◆ Task
Would you please write out only the lines running from the top of the listing through the one holding "2021 Toyota Camry", exactly, with both ends kept and pictures left out?

◆ Provided records
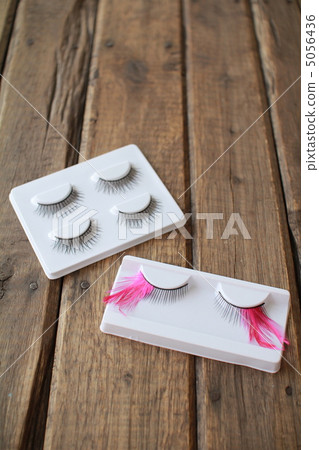 Eye makeup tool: Winged false eyelashes Eye makeup tool: Winged false eyelashes 5056436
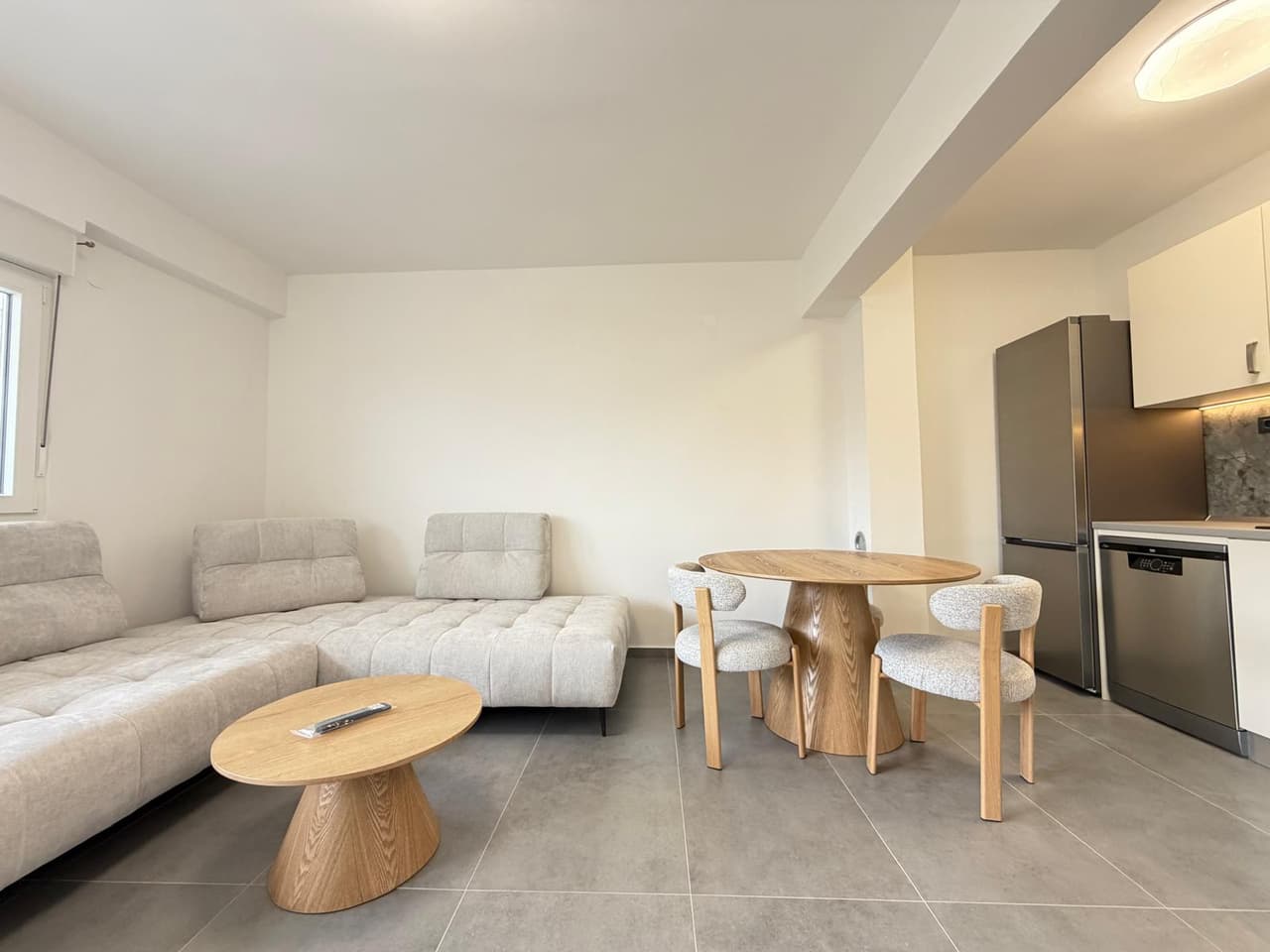 Novouređen dvosoban komforan stan za dugoročan najam PET FRIENDLY! parking, prvo useljenje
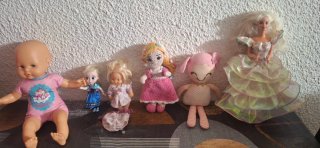 Lote de 6 muñecas limpias y en buen estado.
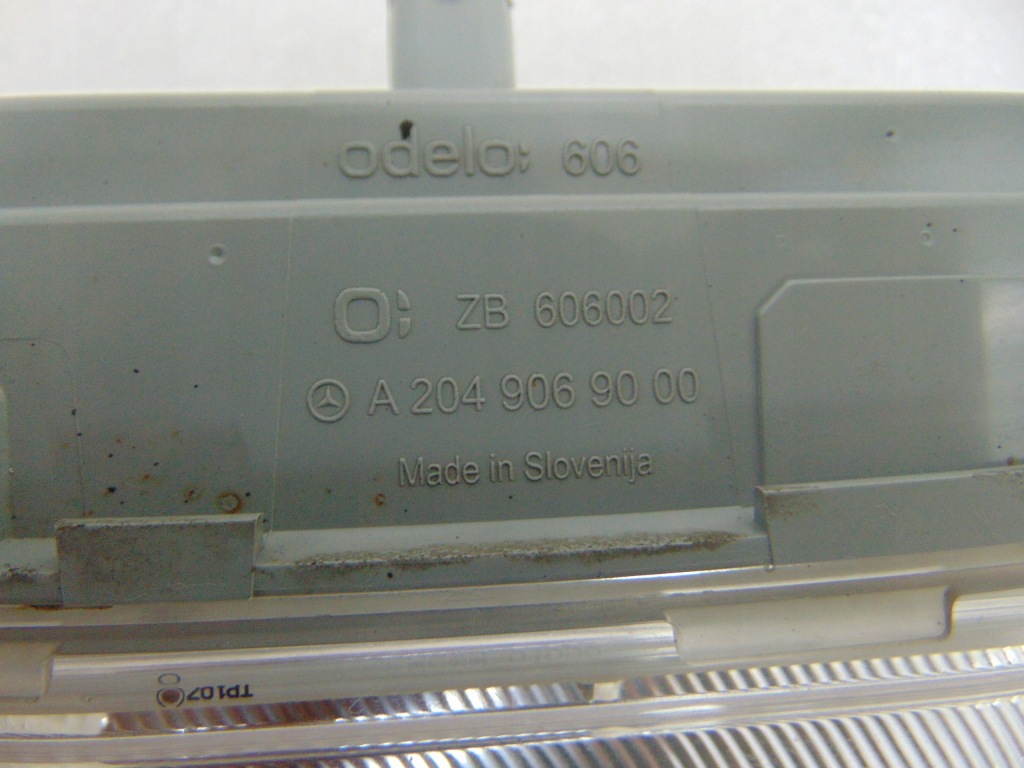 Mercedes w204 w212 противотуманная фара led перед передний правый a2049069000 Недорого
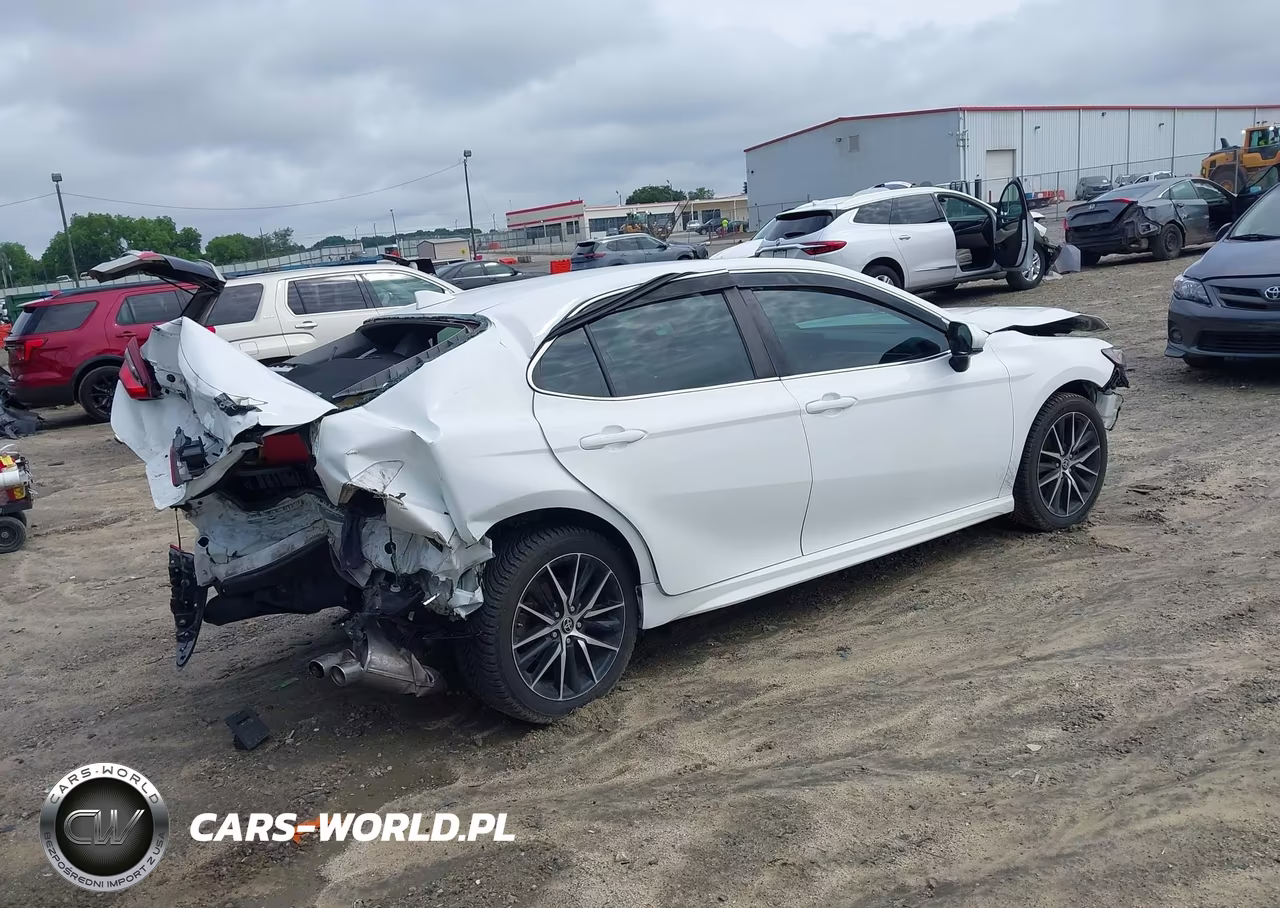 2021 Toyota Camry Se VIN:4T1G11AK1MU577499 - 4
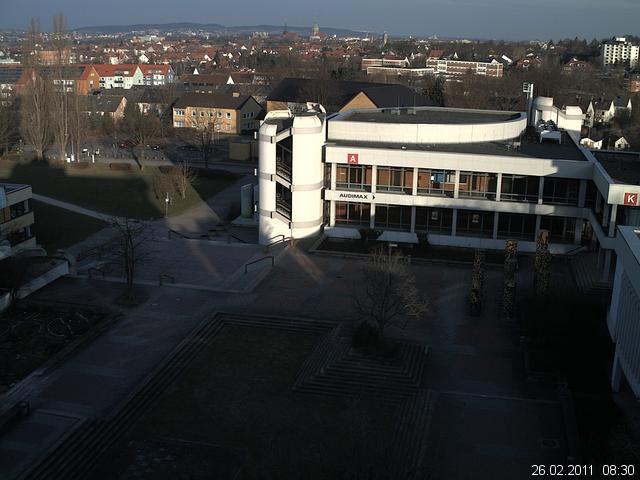 Foto der Webcam: Verwaltungsgeb&auml;ude, Innenhof mit Audimax, H&ouml;rsaal-Geb&auml;ude 1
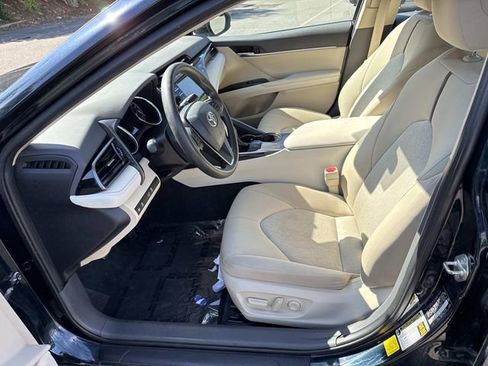 Used 2020 Toyota Camry LE FWD image 14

◆ Result of the task
 Eye makeup tool: Winged false eyelashes Eye makeup tool: Winged false eyelashes 5056436
 Novouređen dvosoban komforan stan za dugoročan najam PET FRIENDLY! parking, prvo useljenje
 Lote de 6 muñecas limpias y en buen estado.
 Mercedes w204 w212 противотуманная фара led перед передний правый a2049069000 Недорого
 2021 Toyota Camry Se VIN:4T1G11AK1MU577499 - 4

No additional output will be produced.